# mount nullfs in a jail



## Alain De Vos (Oct 19, 2019)

Is it possible to mount nullfs within a jail ?
Mount produces : Operation not permitted
{PS: ravenports needs nullfs}


----------



## scottro (Oct 19, 2019)

It should be. That used to be our way of doing it, but in honesty, now we use standard jails.

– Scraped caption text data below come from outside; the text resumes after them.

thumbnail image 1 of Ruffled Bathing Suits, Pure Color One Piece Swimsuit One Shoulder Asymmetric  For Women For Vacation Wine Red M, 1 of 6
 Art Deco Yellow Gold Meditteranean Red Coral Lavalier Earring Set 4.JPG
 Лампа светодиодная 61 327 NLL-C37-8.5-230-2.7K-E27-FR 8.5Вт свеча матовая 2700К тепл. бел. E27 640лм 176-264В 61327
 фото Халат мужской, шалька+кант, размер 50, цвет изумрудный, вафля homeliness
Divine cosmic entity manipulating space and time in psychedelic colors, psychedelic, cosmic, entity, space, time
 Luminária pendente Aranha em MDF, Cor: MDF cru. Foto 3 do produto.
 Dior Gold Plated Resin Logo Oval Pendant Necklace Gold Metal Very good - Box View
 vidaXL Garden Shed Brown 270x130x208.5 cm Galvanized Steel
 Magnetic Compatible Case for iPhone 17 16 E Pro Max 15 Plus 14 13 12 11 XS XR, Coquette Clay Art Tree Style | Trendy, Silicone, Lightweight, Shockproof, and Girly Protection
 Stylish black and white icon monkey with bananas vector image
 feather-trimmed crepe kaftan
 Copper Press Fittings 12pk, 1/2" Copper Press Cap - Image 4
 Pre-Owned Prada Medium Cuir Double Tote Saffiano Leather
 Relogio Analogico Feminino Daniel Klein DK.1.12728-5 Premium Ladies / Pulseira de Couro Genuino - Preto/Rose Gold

http://srobb.net/nullfsjail.html  This is my old page on it. I'm not even sure when I wrote it but it was for 9.2 and worked at the time.
I'm sorry but then we went back to standard jails and I have no idea if this would still work.  I have to say, don't ask me, because, due to some medical 
annoyances I'm a bit too drugged to give intelligent answers these days and it was so long ago that I really don't remember anything about it.


----------



## T-Daemon (Oct 19, 2019)

Alain De Vos said:


> Is it possible to mount nullfs within a jail ?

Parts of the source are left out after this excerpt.